Hannah rarely opens the bottom drawer of her dresser; it's where she stores the things she only wears occasionally. It's open tonight because it's got her few pieces of truly cold weather clothes in it, and she needs to pack them for tomorrow's trip to Colorado.
As a general rule, Hannah does not pack at the last minute, but the past few days, a holiday week of constant shuffling between parents' homes, has resulted in almost everything getting done at the last minute, and quickly.
When she picks up the heavy purple turtleneck sweater she bought in Vermont, she also manages to pick up the edge of the plain cotton fabric below it. And because she's rushing, she doesn't notice until she's lifted both out of the drawer.
The cotton unfolds and the things it was wrapped around -- a pink and blue and gold shawl and a length of green ribbon -- fall on the floor.
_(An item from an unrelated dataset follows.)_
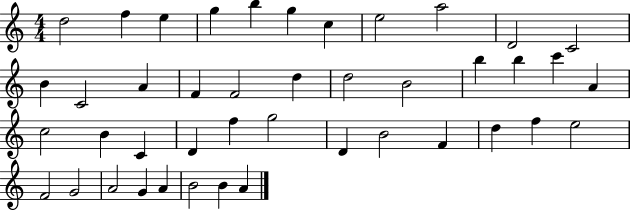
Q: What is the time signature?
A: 4/4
Hannah picks it up, sitting down on the edge of her bed, setting the shawl in her lap and smoothing her hands across the silk. It's been months since she's seen it, and longer than that since she's worn it. Hannah traces the outline of one of the the butterfly's wings, and then lifts it to her cheek.
It still smells faintly of the perfume she wore to the Winter Formal last year -- jasmine, a scent she replaced in early fall with mandarin. She couldn't have said exactly why; it had just seemed to be time for a change.
Hannah settles the shawl around her shoulders, wraps it tightly around her arms, her hands hidden in the fold.
She wonders what, if anything, she would say to the girl who'd worn it to go dancing not quite a year ago, if she could. Probably nothing, she decides. She really wouldn't change things, and no warning could quite have prepared her for everything that's happened since she first unwrapped that shawl.
It seems to her that she sits like that for a long time -- hours, maybe days. The clock on her bedside table, however, ticks off only 23 minutes. And then there's a knock on her door, and her mother says, "Hannah?" and Hannah stands up, and starts to refold the shawl before she says, "Come in."
"Everything okay?" Steph asks, looking at the half-filled suitcase and the purple sweater in the floor.
"Yeah," says Hannah. "Everything's fine."
Her mother lifts the trailing edge of the now mostly refolded shawl. "A little dressy for skiing, don't you think?" she asks, lightly.
"A little," Hannah agrees, putting it carefully back in its cotton wrapping and then back into the bottom drawer. "Have you seen my gloves anywhere?" she asks, to change the subject, despite the fact that her gloves are at the bottom of her suitcase already.
It will, she suspects, be a while before those butterflies emerge from their cotton cocoon again. And, when they do, she'll smile, and throw them around her shoulders, and go out into the world she lives in.